2024年4月27日-29日、兄と残雪期北岳に登った時のことを記憶が鮮明なうちに書き記したいと思います。

夏に海外赴任を控えていた私は、暇さえあれば山に登っている兄をSNSで見ては羨ましく思い機会をうかがっていたところ、実現の兆しが。

北岳は日本で2番目の高さを誇る南アルプスの山。残雪期は山小屋も開いておらず、岩場の難易度も高いと言われているだけあって兄に指示される必要な装備も並大抵ではありませんでした。

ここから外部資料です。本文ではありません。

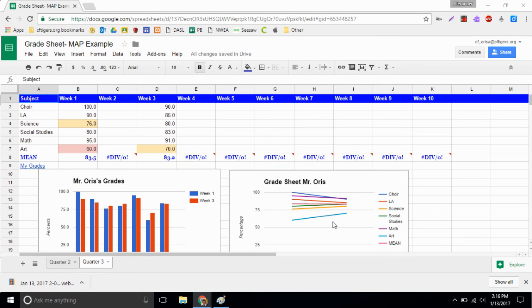Hey everyone, this is Mr. Orris. Today we're going to take a look at our grade sheet and how to record our MAP data onto our grade sheet.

山小屋が開いていないので水分を含む食料やテント、寝袋もすべて持って上がらなければいけません。「これは俺がおまえの分も持つから」と前日に合流してテキパキ荷物を仕分けてくれた兄。兄の忖度のおかげで大分軽量化されたはずの私のザックですが、それでも背負った時は絶望的な重さでした。

さて、いよいよ明日朝から入山です。

兄と、更に登山プロの同行者と3人で入山。iPhoneユーザーの私だけすぐに電波が皆無で携帯は封印。「ね。登山にはAndroid一択っしょ^^」と嘲笑われました。

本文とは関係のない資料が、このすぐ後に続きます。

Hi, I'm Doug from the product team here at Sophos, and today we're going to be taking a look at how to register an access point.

1日目は森の中をひたすらに歩き続け山小屋まで。既に私のHPは0。持っている水分量が限られているので飲みたいだけ水を飲めないことが何よりしんどかったのを覚えています。

毎年のように死者が出る北岳。絶対に無理はしないということを掲げて登り始めましたが、山小屋に着くまでに既に私の脳内は「「いつ引き返したいって言おう」」とネガティブ思考で埋め尽くされていました。兄が後ろからかけてくれる言葉に返事すらできず、自らの体力の無さに絶望感しかありませんでした。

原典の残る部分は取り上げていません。